Did the Israel Housing Market Collapse?
- J.P. Katz
- 3 minutes ago
- 4 min read
Podcast Summary
Israeli Real Estate Reporting Scandal
JP Katz, director at The TRIBE Group, and Haim Etkin, a real estate analyst and appraiser in Israel, discussed the new letter sent by the Israeli Security Authority to real estate companies regarding their reports to 2025. Etkin compared this to the Enron scandal, highlighting concerns about transparency and financial reporting. Katz focused on understanding the procedures behind land releases, builder-bank relationships, and the current state of the real estate market, emphasizing the need to explore these topics in a factual and less speculative manner. They agreed to start the discussion with the new letter as a case study to delve into the underlying processes and their implications for the market.

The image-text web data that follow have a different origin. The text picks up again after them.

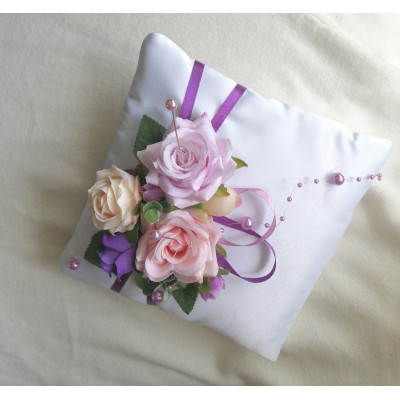 Polštářek na prstýnky - barevné růže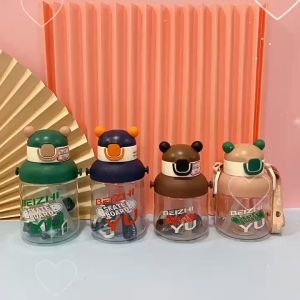 Botol Minum 600ml Sedotan Tali Panjang Tutup Kuping Beruang/Botol Air Minum Anak Bahan Plastik 0211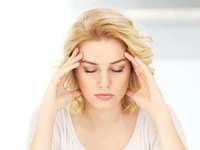 Головные боли при месячных: почему возникают и что делать?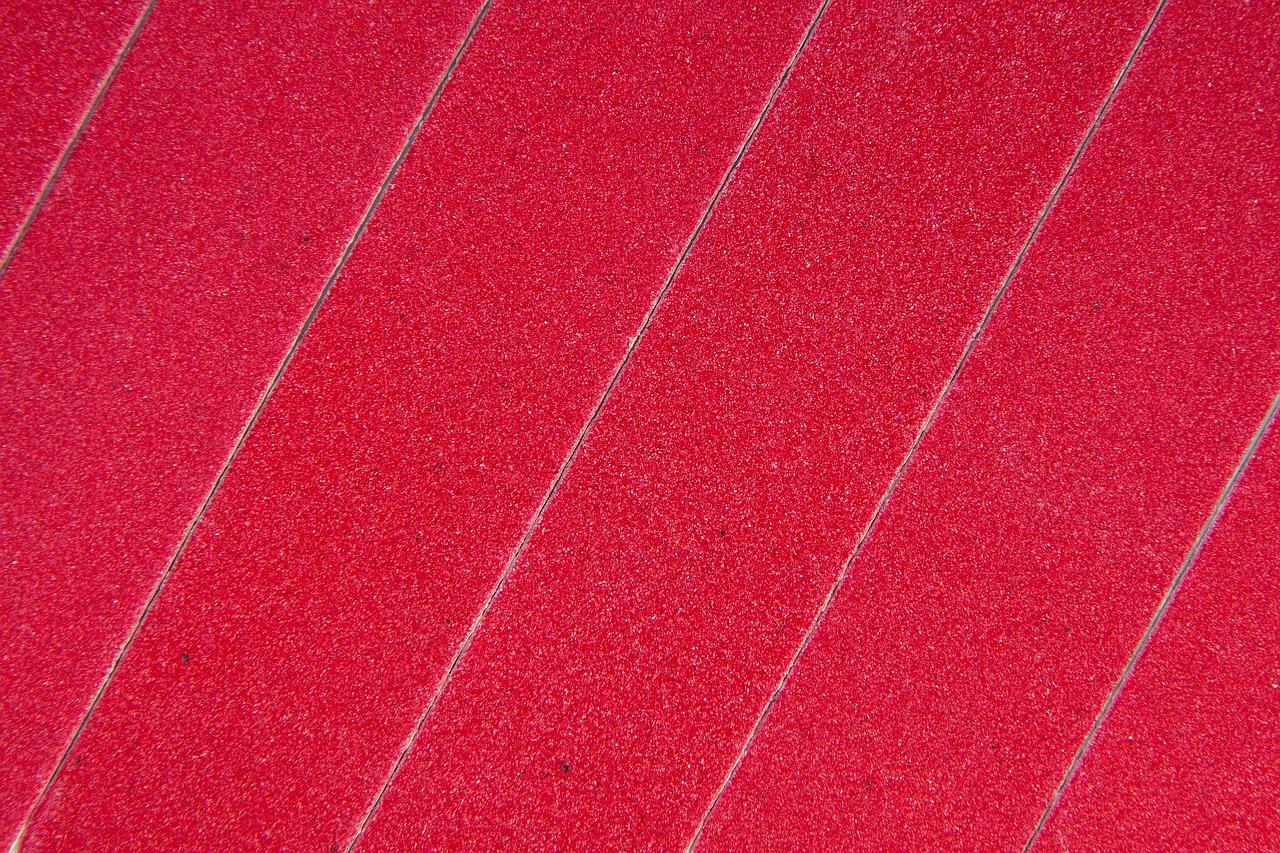 刷墙什么时候打砂纸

Warning Letters in Israeli Construction
Etkin discussed a warning letter sent to Israeli real estate and construction companies, highlighting critical mistakes in their financial reports, such as including sales deals which are structured around financing packages in property valuations (eg. pay 10% now and 90% after the property is built and buyer moved in, a total of four years from signing). He explained that these companies, facing a lack of bank funding due to numerous unfinished construction sites, resorted to selling shares and unsecured loans (debentures) worth 20 billion and 140 billion shekels to investors, including pension fund managers. Katz clarified the concept of debentures as unsecured loans and emphasized the risks involved, noting that these large corporations had sold shares and debt to the public market.

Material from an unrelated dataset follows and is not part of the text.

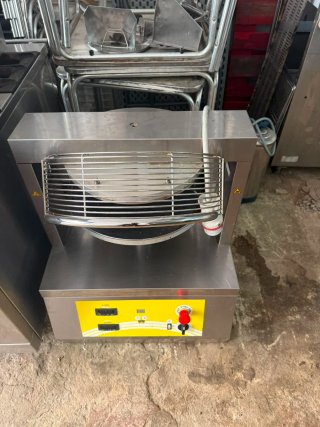 Aplanadora de pizza profesional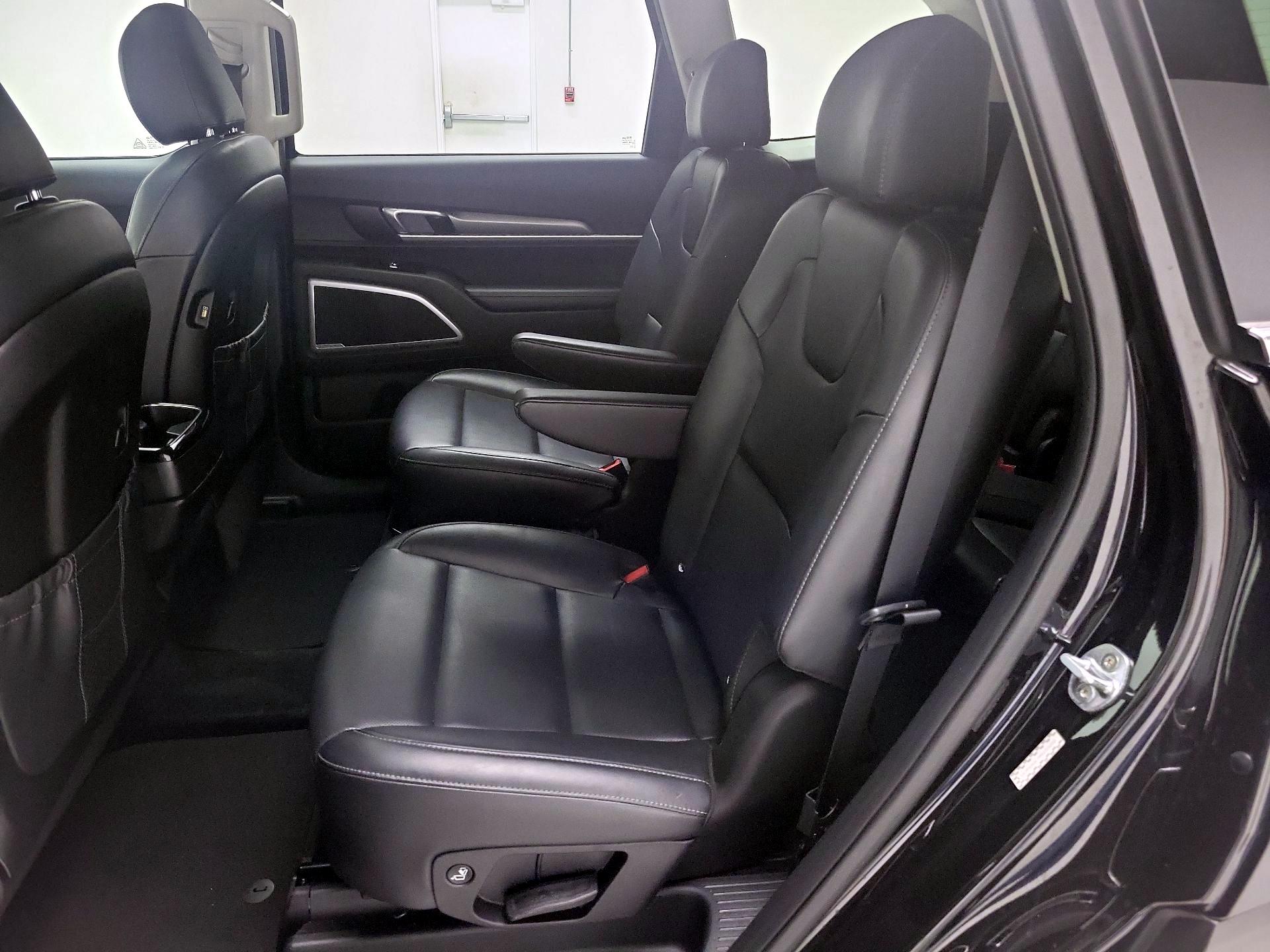 Thumbnail: 2021 Kia Telluride - 20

Israeli Real Estate Bubble Debate
Etkin explained that the Israeli real estate market has been experiencing a bubble since 2012, with prices being double their actual value due to a lack of yield on investments. He claimed that there has never been a housing shortage in Israel since 2012, contrary to popular belief, and that the market is currently in a surplus with 85,000 unsold apartments. Etkin compared Israeli real estate prices to those in Florida, highlighting the high costs in Israel and the better value for money in the U.S. Katz requested Etkin to slow down and clarify the distinction between sales price and value in the context of real estate investments.
Israeli Real Estate Market Bubble
Etkin explained how negative yields and high mortgage rates are creating a bubble, with prices being double the economic value. According to Etkin, the economic value is based on rental income as compared to cost of managing the property (e.g. mortgage payments, repairs, etc.). Thus, if the net income from the investment is grossly negative compared to other places one could invest the down payment required to aquire the property, then this difference between the sale price and the value is the definition of a "bubble." Etkin estimated that the current real estate sales prices are 50% of the economic value of the properties.
Israeli Real Estate Supply Bubble
This bubble is clarified further by measuring the excessive supply of unsold condos and the discrepancy between sales prices and rental values. Etkin explained that banks have stopped lending to builders due to unsold inventory and the need for guarantees, leading to builders seeking alternative funding through selling of equity and debt notes to investors which include those entrusted with Israeli labor force's pension funds managers. They also discussed the high number of available condos compared to the number of actual households, with Etkin clarifying that most of the unsold units are located in central Israel, contradicting the narrative of a regional shortage in central Israel and claims that all the "extra" housing are in the periphery where no one wants to live.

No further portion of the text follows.